Direktur Niaga dan Manajemen Pelanggan PT Perusahaan Listrik Negara (Persero) Bob Saril mengatakan, PLN berkomitmen untuk melistriki seluruh wilayah Nusantara. Tak hanya meningkatkan rasio elektrifikasi, PLN juga terus meningkatkan kepuasan pelanggan.
”Usaha menaikkan rasio elektrifikasi nasional terus meningkat pesat sejak 2014 yang sebesar 84,35 persen menjadi 99,09 persen sejak triwulan I-2020. Jadi, ada kenaikan lebih dari 14 persen,” ujarnya.
Kualitas listrik
Dalam catatan Institute for Essential Services Reform (IESR), kualitas pasokan listrik di Indonesia belum merata kendati rasio elektrifikasi terus meningkat. Kualitas pasokan ini menyangkut kemampuan pasok tingkat daya listrik yang berbeda-beda antara suatu wilayah dan wilayah lain. Optimalisasi sumber energi terbarukan sesuai dengan potensi suatu wilayah bisa menjadi jalan keluar.
”Walaupun rasio elektrifikasi Indonesia hampir menyentuh 100 persen, kualitas listrik masih menjadi catatan penting bagi kami. Belum semua masyarakat mendapat akses listrik dengan kualitas seragam,” kata Direktur Eksekutif IESR Fabby Tumiwa.

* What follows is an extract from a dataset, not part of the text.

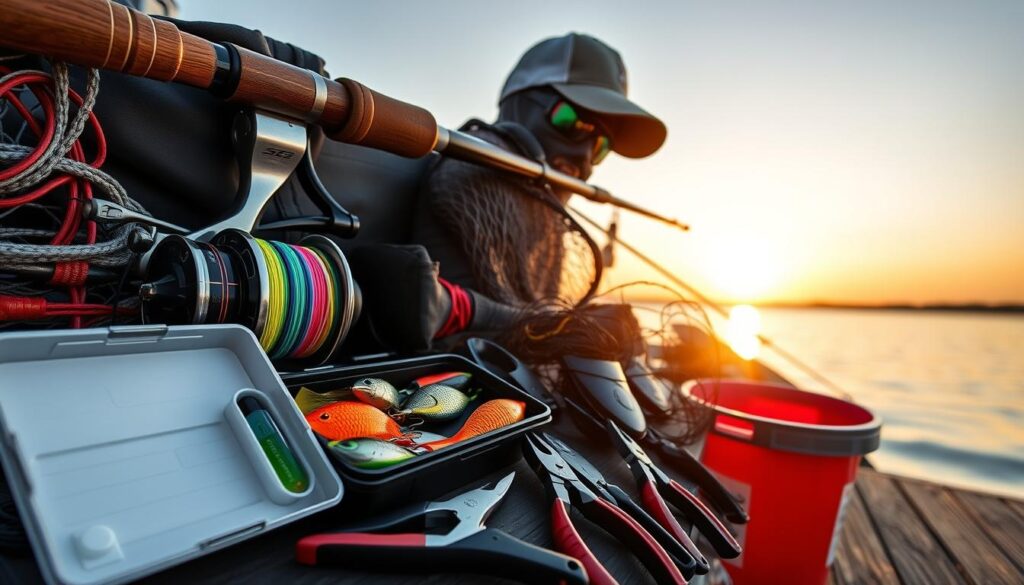 bass fishing gear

Salah satu upaya meningkatkan pasokan dan memperbaiki kualitas akses listrik di Indonesia adalah dengan mengoptimalkan sumber energi terbarukan di tiap-tiap wilayah.
Menurut Fabby, program elektrifikasi yang diluncurkan pemerintah pada umumnya masih menyediakan akses listrik dengan kualitas tier 1, seperti pada program pembagian LTSHE. Kategori ini adalah kategori untuk akses listrik dengan tingkat daya sangat rendah, yakni di bawah 50 watt.

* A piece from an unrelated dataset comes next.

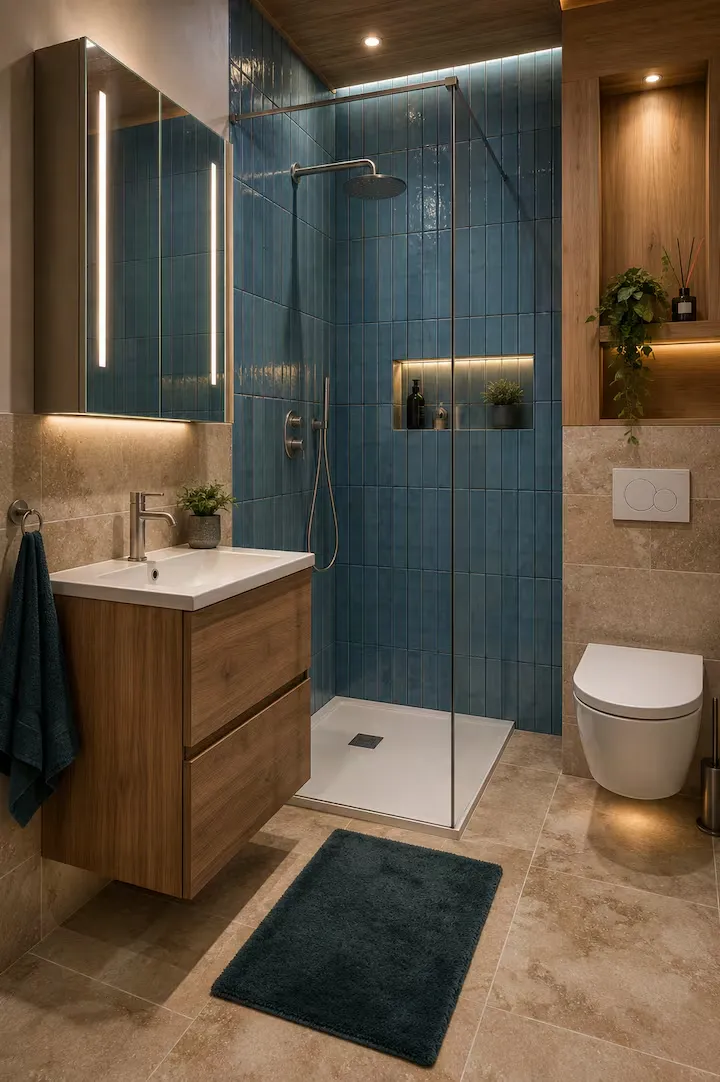 stunning new shower room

Tier 1 hanya cukup untuk penerangan lampu bohlam atau untuk pengisian daya perangkat telepon seluler. Sedangkan masyarakat yang mendapat aliran listrik dari pembangkit PLN sebagian besar mendapat akses listrik dengan kualitas tier 4 (800-2.000 watt), bahkan tier 5 (di atas 2.000 watt).
”Perbedaan ini dapat memengaruhi manfaat dan efektivitas listrik yang diterima masyarakat yang terkait dengan produktivitas ekonomi,” ujar Fabby.
SUMBER: IESR
Kualitas akses listrik yang dibagi dalam besaran daya terpasang.
Salah satu upaya meningkatkan pasokan dan memperbaiki kualitas akses listrik di Indonesia adalah dengan mengoptimalkan sumber energi terbarukan di tiap-tiap wilayah. Sumber energi terbarukan tersebut, antara lain, tenaga surya, bayu, atau tenaga mikrohidro. Walaupun potensi energi terbarukan di Indonesia besar, pemanfaatannya belum optimal.
Data dari Kementerian ESDM menyebutkan, potensi tenaga panas bumi di Indonesia sebesar 25.400 megawatt (MW) dengan pemanfaatan sekarang hanya 2.000-an MW. Sementara potensi tenaga hidro mencapai 75.000 MW dengan pemanfaatan kurang dari 6.000 MW.
Sementara potensi tenaga bayu mencapai 60.000 MW dan tenaga surya 207.000 MW. Dua jenis energi terbarukan yang terakhir ini pemanfaatannya masih sangat minimal.